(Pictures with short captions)
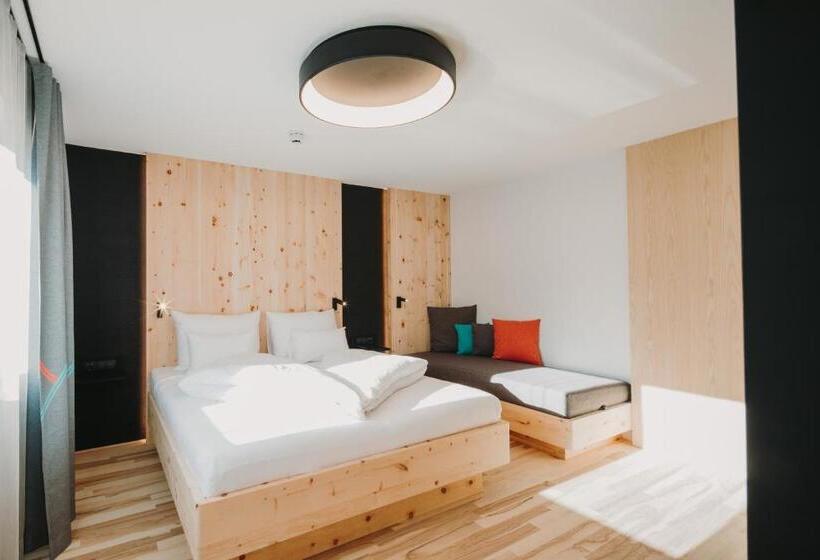 إستديو قياسى مزود بشرفة, Alpin   Studios & Suites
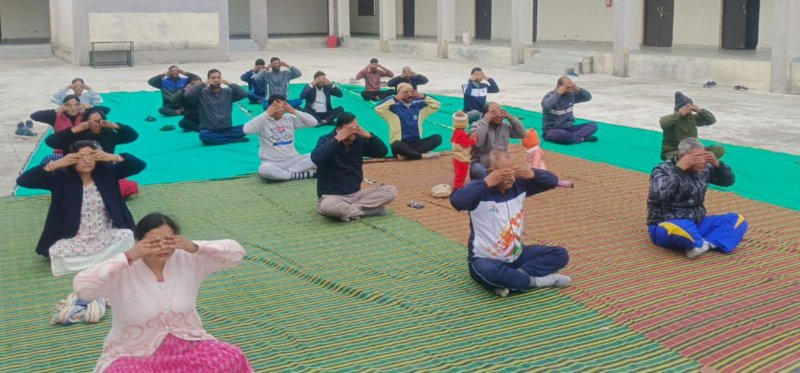 स्टेडियम ग्राउंड में हुआ सामूहिक सूर्य नमस्कार एवं प्राणायाम कार्यक्रम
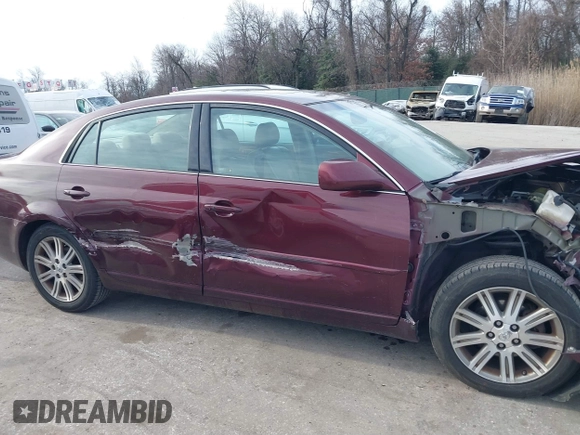 2007 Toyota Avalon XL with VIN 4T1BK36B37U173085, listed as a IAAI auction lot 41748541 with 164,021 mi miles. Bid and sale history available at carsss.com. Image 19.
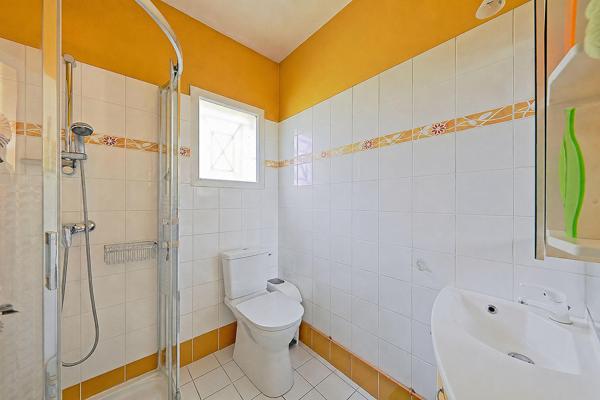 Maison contemporaine atypique de 200m² sur trois niveaux avec jardin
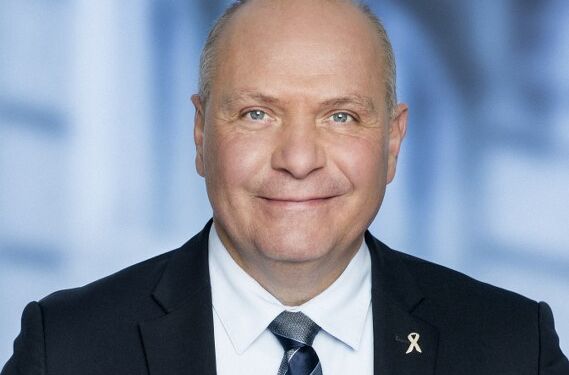 Soeren Gade Venstre 569x493
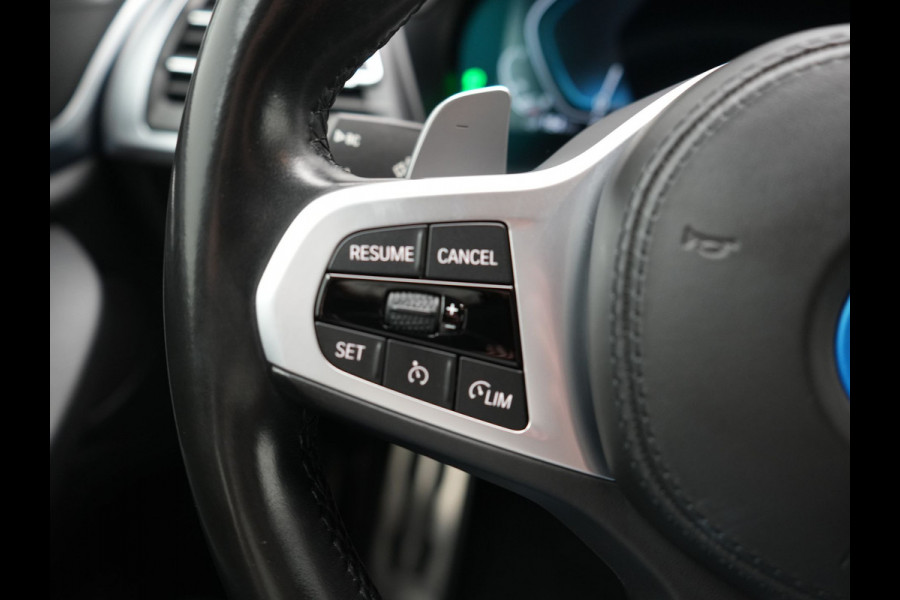 BMW X3 xDrive30e M Sport PHEV 293pk Dealer O.H | Trekhaak Af Fabriek | Camera | Cruise Control | Lederen Sportstoelen Verwarmd | Sfeerverlichting | Apple Carplay | Navigatie | Virtual | DAB | 19"L.M | Plug In Hybrid |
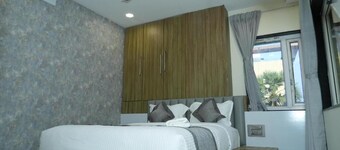 HOTEL PHOENIX GRAND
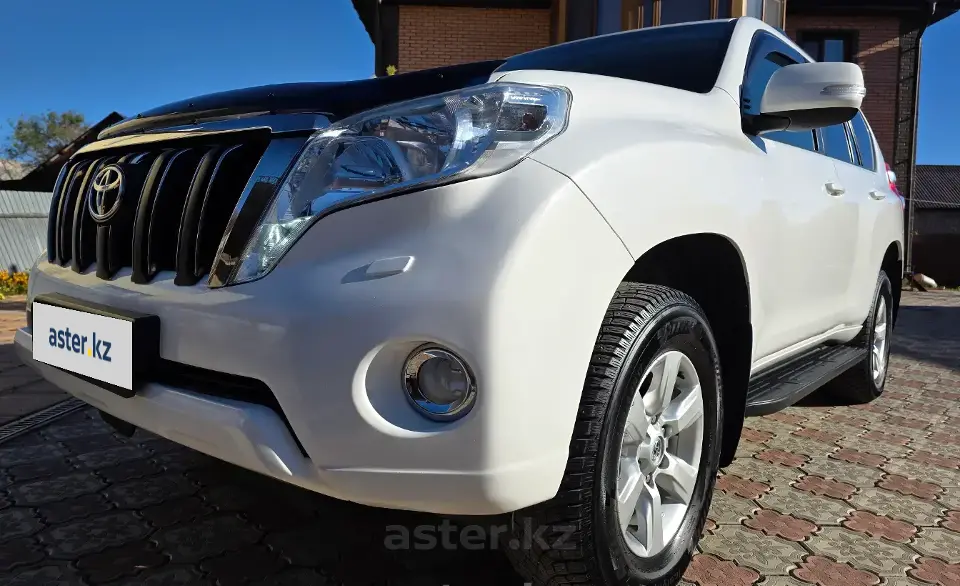 Toyota Land Cruiser Prado 2015 года за 17 200 000 тг. в Петропавловск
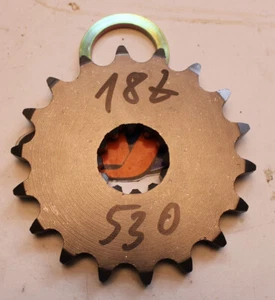 Kawasaki Z1000J '81 - '82  18 Zähne 530 chain conversion mit Distanzscheibe - Bild 1 von 2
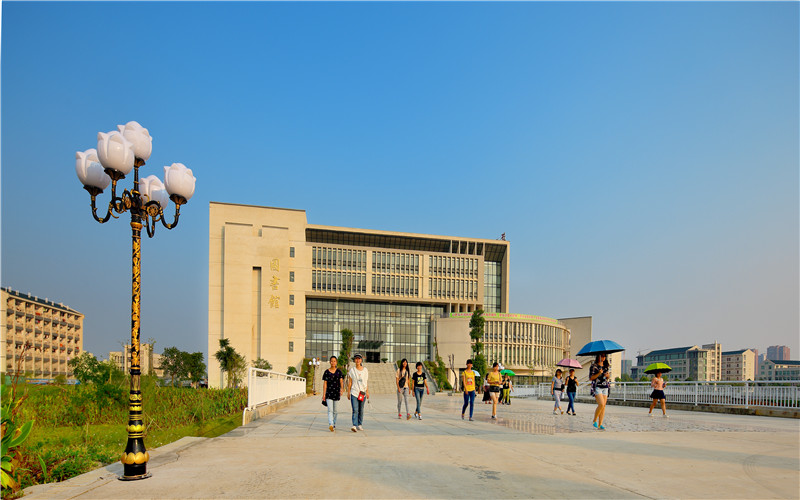 广西科技师范学院 gallery image 2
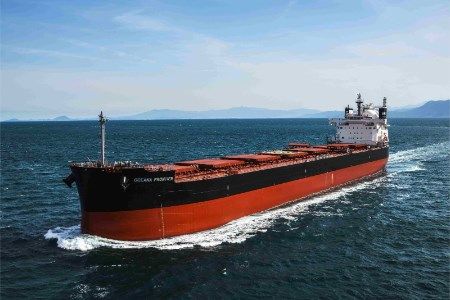 TSUNEISHI SHIPBUILDING delivers the world’s first LNG dual-fuelled Kamsarmax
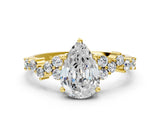 Yellow gold Pear Cut Diamond Cluster Pavé Band with Four-Prong Setting_12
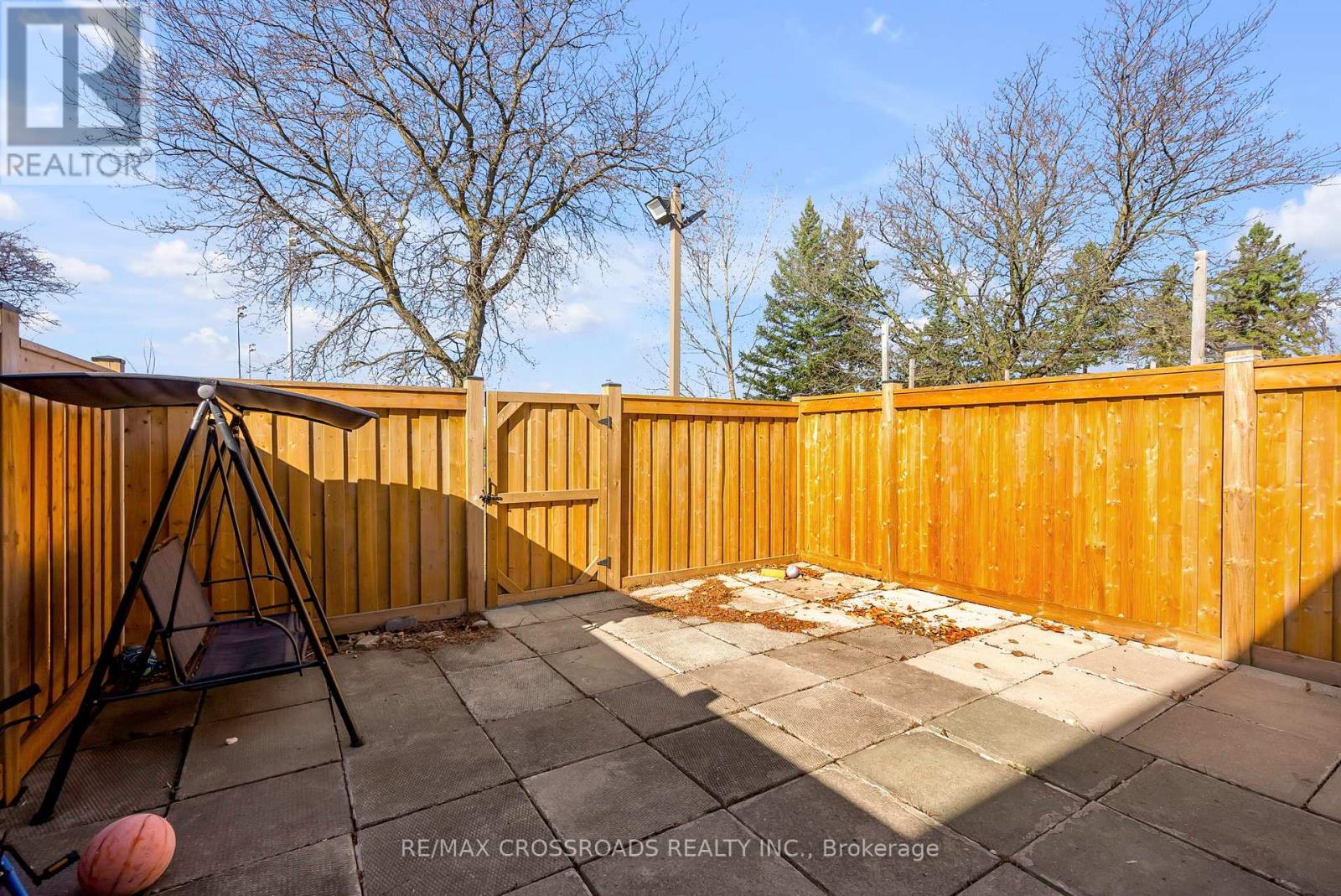 #12 7450 DARCEL AVENUE - 35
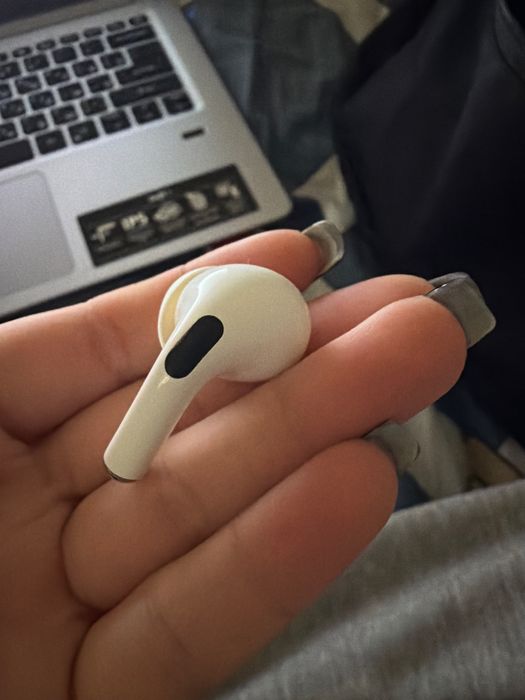 Левое ухо , air pods pro 3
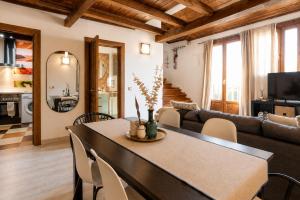 a living room with a table and a couch at Apartamento La Contessina, junto a la Catedral in Toledo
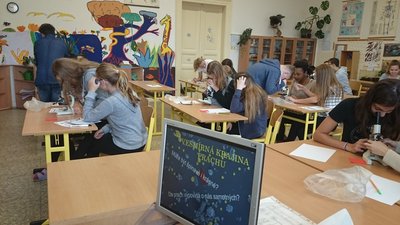 22.10.2015 - Team Teaching: Vzhůru do atmosféry (9.A + 9.B) - Album - fotografie 16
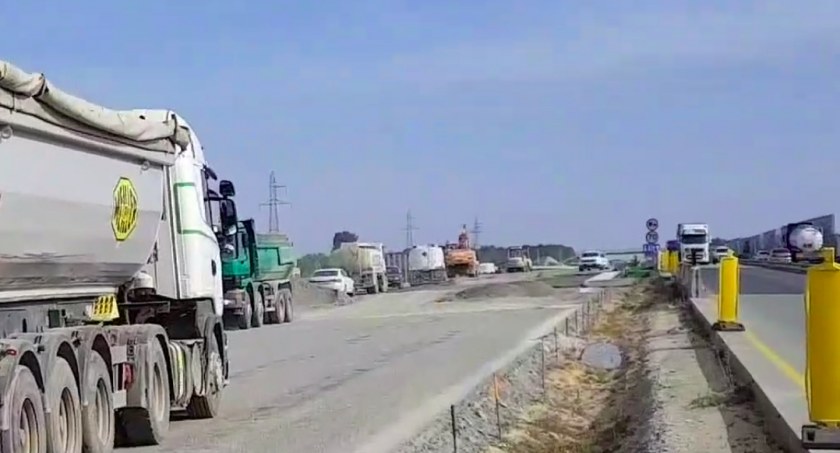 Historyczna chwila na budowie autostrady A1. Dziś mają się zakończyć prace związane z układaniem nawierzchni
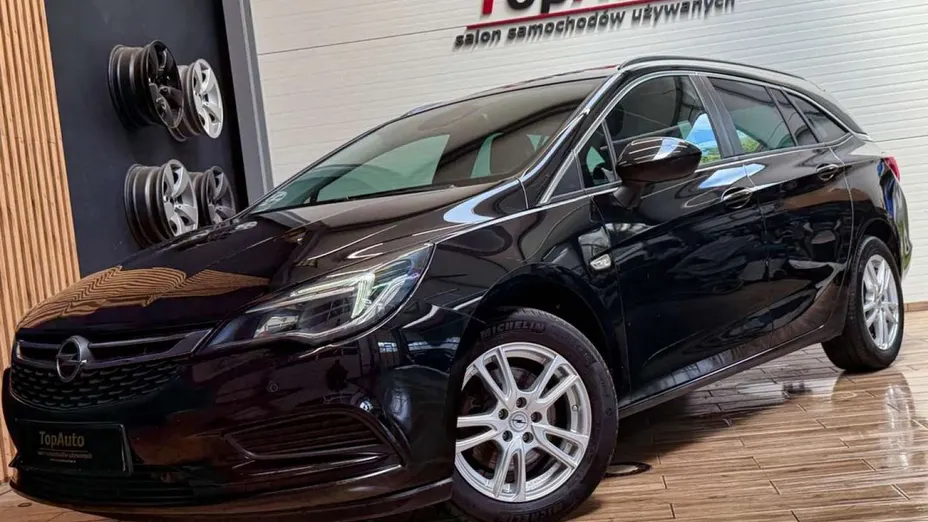 OPEL Astra -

### INSTRUCTIONS FOR THE TASK
Above, find the line with "TSUNEISHI SHIPBUILDING delivers"; copy it and every line down to the line with "Левое ухо , air pods pro 3", exactly and both included, but no pictures.

### RESPONSE TO THE TASK
 TSUNEISHI SHIPBUILDING delivers the world’s first LNG dual-fuelled Kamsarmax
 Yellow gold Pear Cut Diamond Cluster Pavé Band with Four-Prong Setting_12
 #12 7450 DARCEL AVENUE - 35
 Левое ухо , air pods pro 3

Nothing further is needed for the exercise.